*** TASK DATA ***

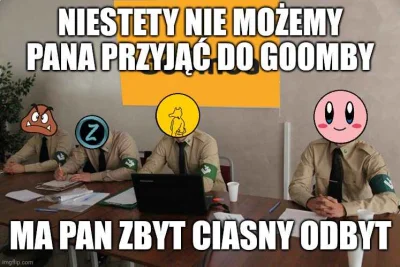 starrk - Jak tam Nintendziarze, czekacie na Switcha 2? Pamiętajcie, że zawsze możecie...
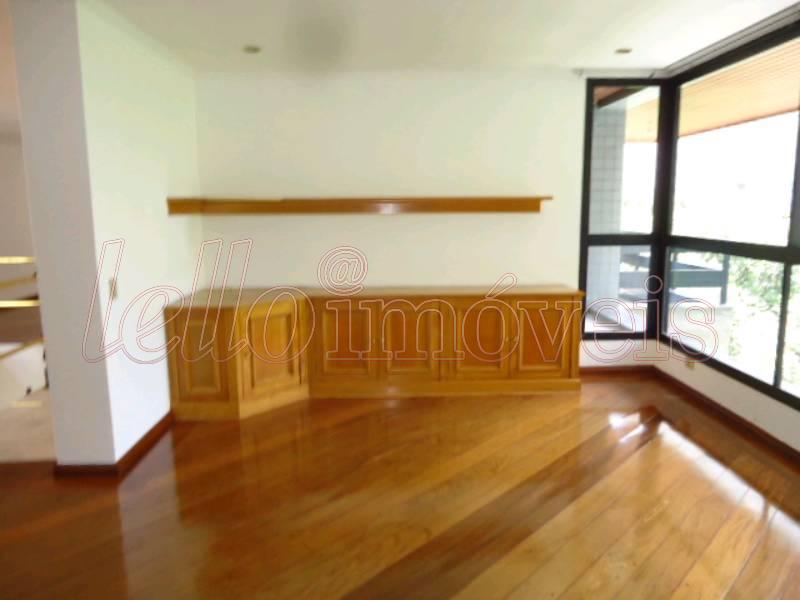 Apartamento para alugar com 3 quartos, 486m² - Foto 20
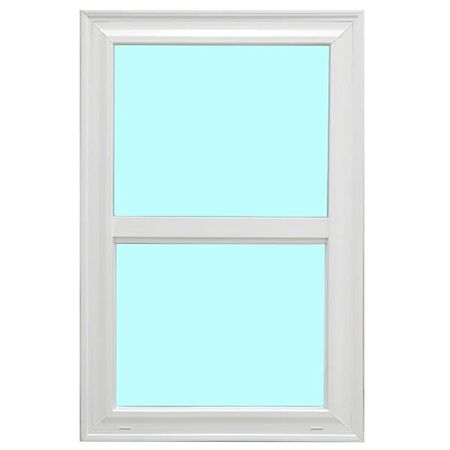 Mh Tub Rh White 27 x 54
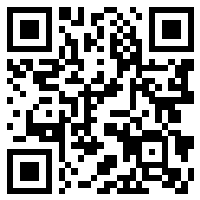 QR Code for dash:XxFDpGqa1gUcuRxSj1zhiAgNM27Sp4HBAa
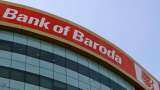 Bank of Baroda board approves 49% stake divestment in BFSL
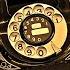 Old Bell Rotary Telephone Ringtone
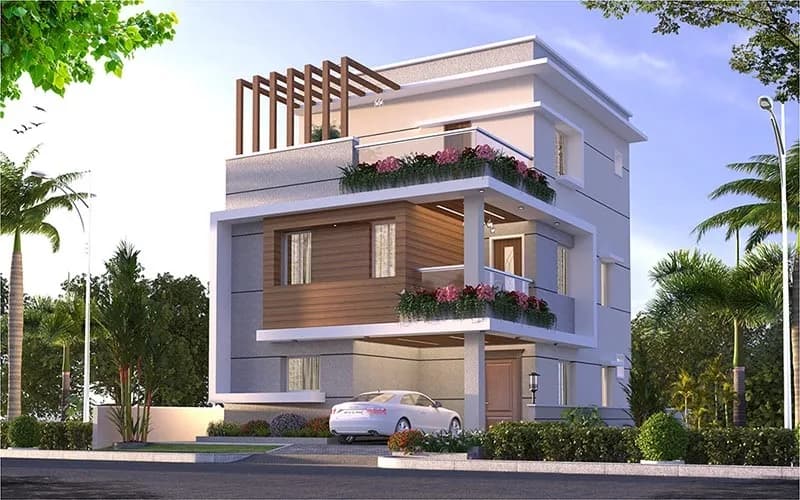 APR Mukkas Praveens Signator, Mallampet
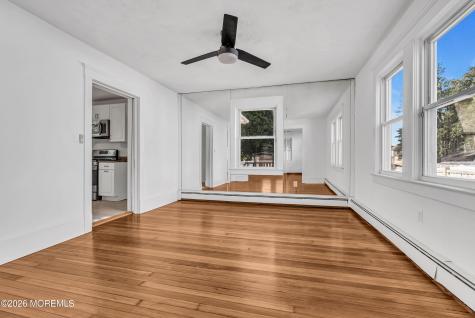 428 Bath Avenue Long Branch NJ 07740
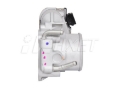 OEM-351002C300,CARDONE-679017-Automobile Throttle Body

***

_WORK INSTRUCTION_
Leaving the pictures aside, transcribe exactly the lines from the one containing "Bank of Baroda" to the final line of the entries above, both ends included.

_EXERCISE RESPONSE_
 Bank of Baroda board approves 49% stake divestment in BFSL
 Old Bell Rotary Telephone Ringtone
 APR Mukkas Praveens Signator, Mallampet
 428 Bath Avenue Long Branch NJ 07740
 OEM-351002C300,CARDONE-679017-Automobile Throttle Body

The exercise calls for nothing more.